They did.
The older men would have noted the absence of a third law, sworn in every initiation Vito Corleone had performed: You must never get involved in the narcotics trade. No one said anything about this, not even a murmur.
“You come in alive,” Michael said, “and you go out dead.”
The day I asked you to marry me, Kay, I said our businesses would be legitimate in five years.
Michael approached Tommy Neri. “The instruments by which you live and die are the gun”-here Michael bit down on the cigar and picked up the Colt with one hand-“and the knife.” He picked up the dagger with the other. He set the weapons back down in front of Tommy, crossed over each other.

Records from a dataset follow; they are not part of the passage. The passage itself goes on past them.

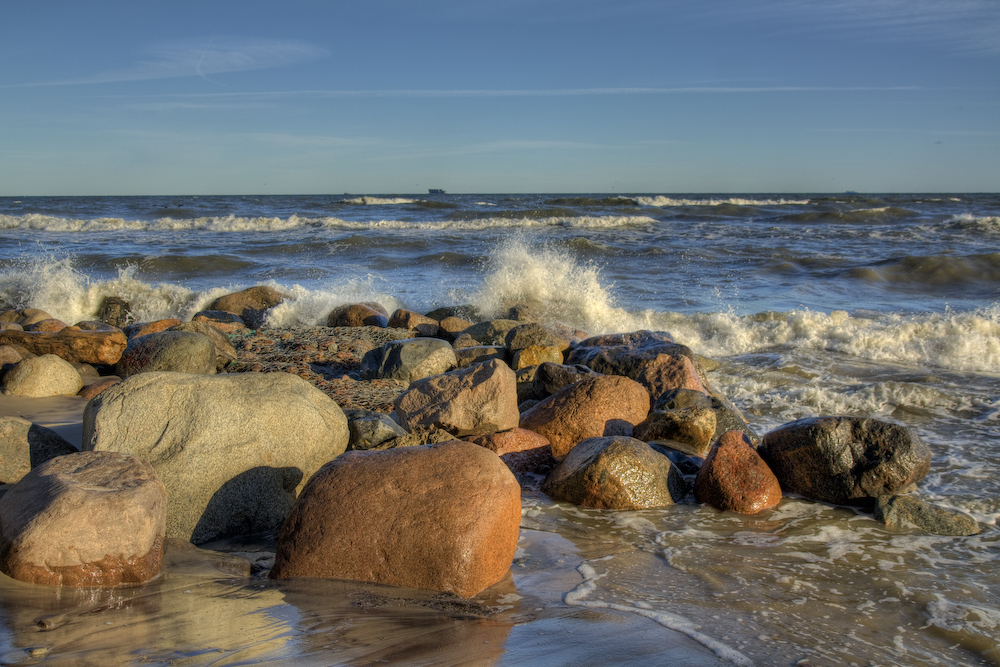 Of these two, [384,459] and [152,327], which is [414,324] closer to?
[152,327]

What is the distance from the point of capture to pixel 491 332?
7.15 metres

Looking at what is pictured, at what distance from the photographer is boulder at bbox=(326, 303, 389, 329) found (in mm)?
8195

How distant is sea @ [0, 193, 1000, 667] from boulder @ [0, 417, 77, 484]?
1.05m

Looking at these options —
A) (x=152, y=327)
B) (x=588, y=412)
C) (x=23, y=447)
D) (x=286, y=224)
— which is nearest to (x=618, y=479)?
(x=588, y=412)

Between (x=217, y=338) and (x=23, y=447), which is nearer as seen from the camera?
(x=23, y=447)

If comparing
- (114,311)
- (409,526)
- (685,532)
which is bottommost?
(685,532)

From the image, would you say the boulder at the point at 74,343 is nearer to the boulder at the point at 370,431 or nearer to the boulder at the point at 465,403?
the boulder at the point at 465,403

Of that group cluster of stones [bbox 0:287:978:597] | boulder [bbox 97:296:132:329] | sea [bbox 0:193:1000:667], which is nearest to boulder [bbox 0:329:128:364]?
cluster of stones [bbox 0:287:978:597]

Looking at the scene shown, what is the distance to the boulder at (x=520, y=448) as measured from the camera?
425 centimetres

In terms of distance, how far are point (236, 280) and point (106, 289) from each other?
2764 mm

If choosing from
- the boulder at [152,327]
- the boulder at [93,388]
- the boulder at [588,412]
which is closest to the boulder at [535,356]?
the boulder at [588,412]

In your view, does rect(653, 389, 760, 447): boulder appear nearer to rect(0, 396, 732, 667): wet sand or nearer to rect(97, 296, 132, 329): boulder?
rect(0, 396, 732, 667): wet sand

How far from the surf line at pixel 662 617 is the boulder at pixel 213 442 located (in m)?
1.45

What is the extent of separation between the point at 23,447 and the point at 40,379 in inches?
84.3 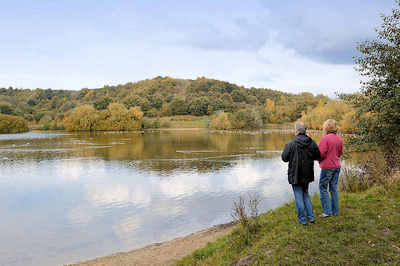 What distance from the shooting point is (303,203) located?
618cm

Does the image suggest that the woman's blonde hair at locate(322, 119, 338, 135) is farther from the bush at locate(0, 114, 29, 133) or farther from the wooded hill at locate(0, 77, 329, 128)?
the wooded hill at locate(0, 77, 329, 128)

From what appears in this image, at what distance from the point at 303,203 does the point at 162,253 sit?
14.0 ft

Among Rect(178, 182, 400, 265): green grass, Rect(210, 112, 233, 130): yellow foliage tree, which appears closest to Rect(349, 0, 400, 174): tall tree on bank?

“Do you agree,” Michael said, “that, when called upon, you will use the gun and the knife to help this Family?”
“Yes, Godfather.”
Michael took a puff on his cigar and used it to light Tommy Neri’s votive candle. Then he pointed to Tommy’s right hand. Tommy extended it. Michael picked up the dagger, pricked Tommy’s trigger finger, folded it into his palm, and squeezed his fist hard, careful to apply the pressure away from the wound and thus increase the amount of blood.
One by one, the other twelve men gave the same answer and submitted to the same ritual.
Michael returned to the end of the table. He tapped Tommy’s closed fist. Tommy opened it, then brought both hands together, the bloody right and the clean left, turned his palms up and cupped them. Michael picked up the holy card of Saint Leolucas, lit it with the votive candle, and dropped it into Tommy Neri’s hands. “Back and forth,” he whispered.
Tommy juggled the flaming saint from hand to hand.
“If you ever betray your friends,” Michael said, “you will burn.” He blew a small puff of cigar smoke into Tommy’s unflinching face. “Like the picture of our beloved patron saint now burns your bloodied palm. Do you agree to this?”
“Yes, Godfather.”
Michael watched the card turn fully to ash. Then, tenderly as a lover, he rubbed the ash into Tommy’s palms, then kissed him, softly, on each cheek.
One by one, the other twelve men submitted to the same ritual and gave the same answer.
“You are now qualified men,” Michael finally said, “ Gli uomini qualificati. Gentlemen, please introduce yourself to your brothers.”
The room exploded in a cacophony of congratulations, popping champagne corks, Italian toasts and benedictions. The men in the outer circle maintained their positions to ensure that the new members did in fact dutifully go around the room introducing themselves, kissing the cheeks of every man in the outer circle, missing no one. Michael had already kissed them. He ducked out the back door and down the stairs. He knew that what might greet him at home was news of the escalation of his troubles. But there was a chance his day was over. There was a chance he could get some rest and fight his fights with a clear head tomorrow. Already, he felt better, getting out of that room, away from the smoke and the liquor fumes. The only kisses he wanted were from his wife, his son, his daughter.
You go out dead.
He made it to the car. While he waited for Al Neri to collect the empty pistols and catch up to him, Michael felt his stomach lurch. For a moment he fought it. Then he dropped to his knees and vomited. It all came up-the strega, the whiskey, the food Enzo had prepared so lovingly, everything from the picnic, and what looked like every last kernel of the movie popcorn.
“You okay, boss?” The pistols clanked against one another in the pillowcase Neri was using to carry them, like Jacob Marley’s chains in the production of A Christmas Carol Michael had been in as a kid. Neri was the chief of security here, but humping down fifteen flights of stairs and through various lobbies and hallways with a pillowcase full of thirteen pistols? Christ.
“Oh, yeah,” Michael said. He was drenched in sweat. He managed, however unsteadily, to stand up. He’d ripped the knee of his tux pants. “I’m perfect. Let’s go.”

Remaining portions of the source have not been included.